Hardwicke Island
- Location of Hardwicke Island (centre left)

Geography
- Location: Johnstone Strait
- Coordinates: 50°26′31″N 125°50′46″W﻿ / ﻿50.442°N 125.846°W
- Archipelago: Discovery Islands
- Area: 78 km^{2} (30 sq mi)

Administration
- Canada
- Province: British Columbia
- Regional district: Strathcona

= Hardwicke Island =

Island in British Columbia, Canada

Hardwicke Island is an island in British Columbia, Canada, measuring approximately 78 km2.

== Geography ==
Hardwicke Island lies directly off the coast of the village of Sayward and to the west of its neighbour West Thurlow Island. Hardwicke Island is located within Electoral Area C of the Strathcona Regional District.

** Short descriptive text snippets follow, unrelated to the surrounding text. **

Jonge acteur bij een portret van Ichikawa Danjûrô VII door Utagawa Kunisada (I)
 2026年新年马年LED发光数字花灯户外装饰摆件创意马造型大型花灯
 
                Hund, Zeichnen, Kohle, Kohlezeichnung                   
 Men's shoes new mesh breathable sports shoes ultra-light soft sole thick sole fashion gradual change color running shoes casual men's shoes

Hardwicke Island is closely connected to the Bendickson, a Norwegian family who began logging operations on the island beginning in 1918, and who continued thereafter to live on or visit the island while growing fruit and vegetables there. Today, the island is base to the Hardwicke Transportation company which provides water taxi and small freight shipping services around the region.

== History ==
The island was named after Philip Yorke, 3rd Earl of Hardwicke, a patron of the master's mate on HMS Discovery during the 18th century Vancouver Expedition. The island is part of the Discovery Islands archipelago, named after the Discovery Passage, explored by Captain George Vancouver on the Discovery and so-named (the passage) by Captain Henry Kellett in 1847, to honour Captain Vancouver.